Thiel, 48, has a history with Gawker after it outed him as gay back in 2007, once describing one of the organisation’s sister sites Valleywag as “the Silicon Valley equivalent of Al Qaeda”.
However, Gawker announced the following day that it was adding this new information to their appeal against the original ruling, which it says would be “ruinous” if forced to pay it. They had hoped that the Florida court “will correct the outsized Florida jury verdict and reaffirm the law that protects a free and critical press,” according to a statement on Wednesday.
However, the court upheld the original payout in a verdict reached on Wednesday.
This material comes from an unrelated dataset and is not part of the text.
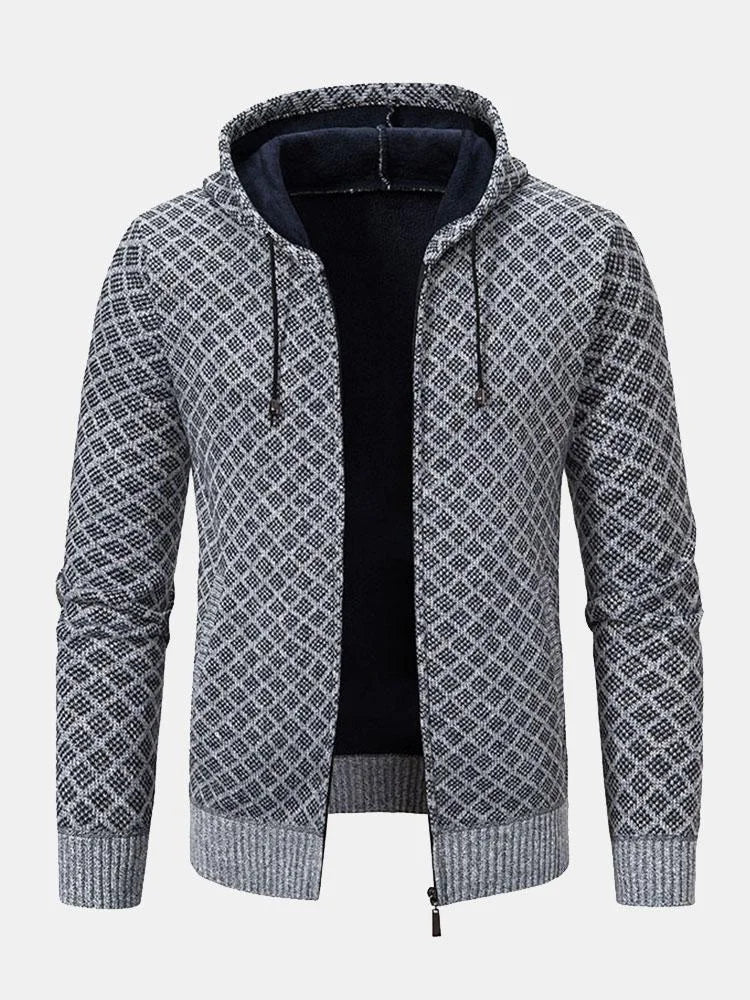 Pull zippé à diamants géométriques pour hommes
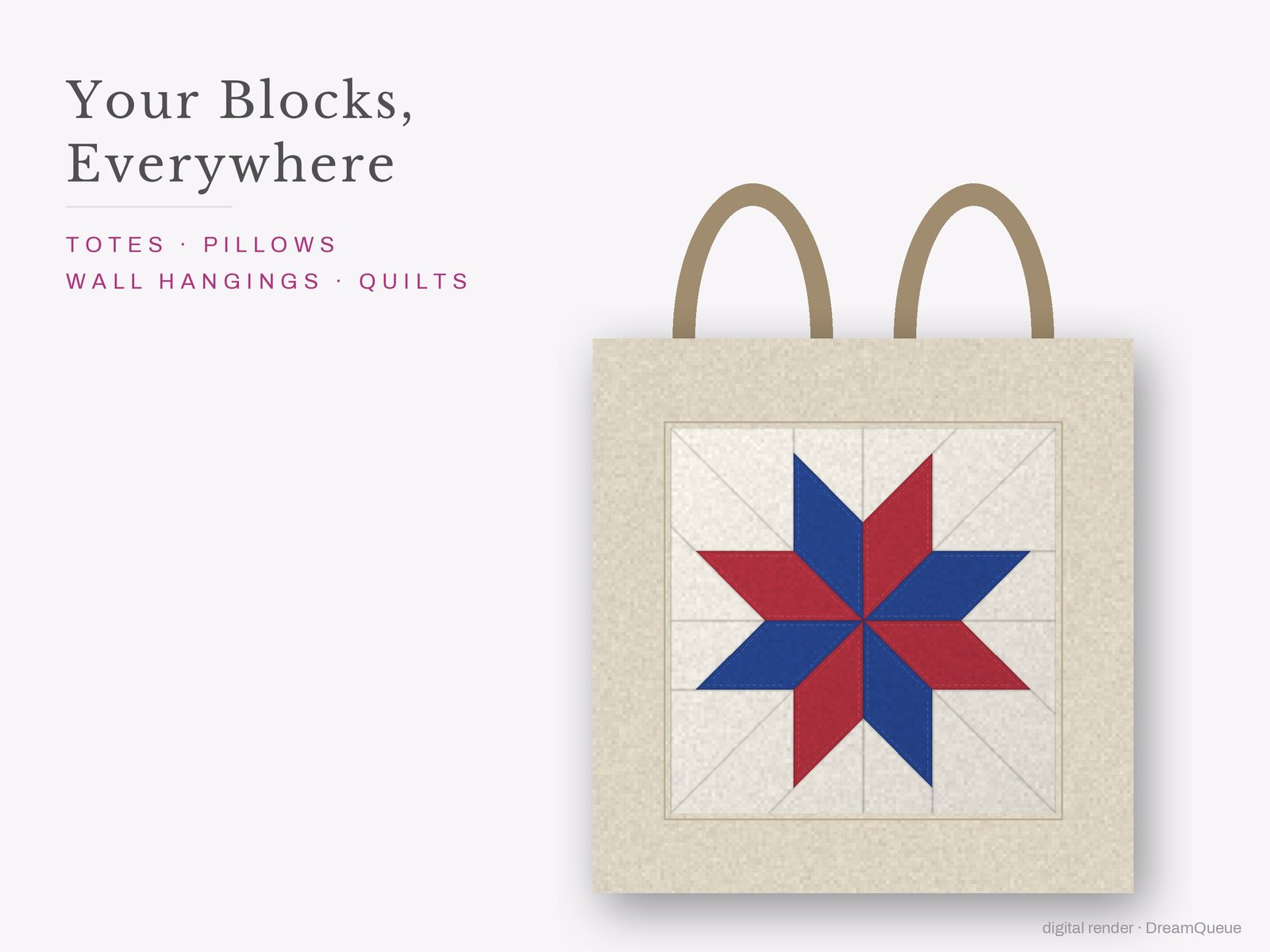 The Classic Stars bundle of 5 quilt blocks sewn into a tote bag, one idea for totes, pillows, wall hangings and quilts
Two months ago, the jury awarded the colossal sum to the former wrestler after the online publisher posted a short video of Hogan having sex with a now ex-friend’s then-wife.
The revelations came a day after Gawker’s founder, Nick Denton, told the New York Times that he suspected that there was a secret backer behind Hogan’s campaign. “My own personal hunch is that it’s linked to Silicon Valley,” he said.
There’s nothing inappropriate about reaching out for third party backers in such cases – the whole industry of litigation finance is based on it. However, it is not common for backers to have ulterior motives, and suspicions were raised when Hogan’s lawyer removed a claim from his original complaint that had the effect of eliminating Gawker’s insurance company from the suit, according to the New York Times.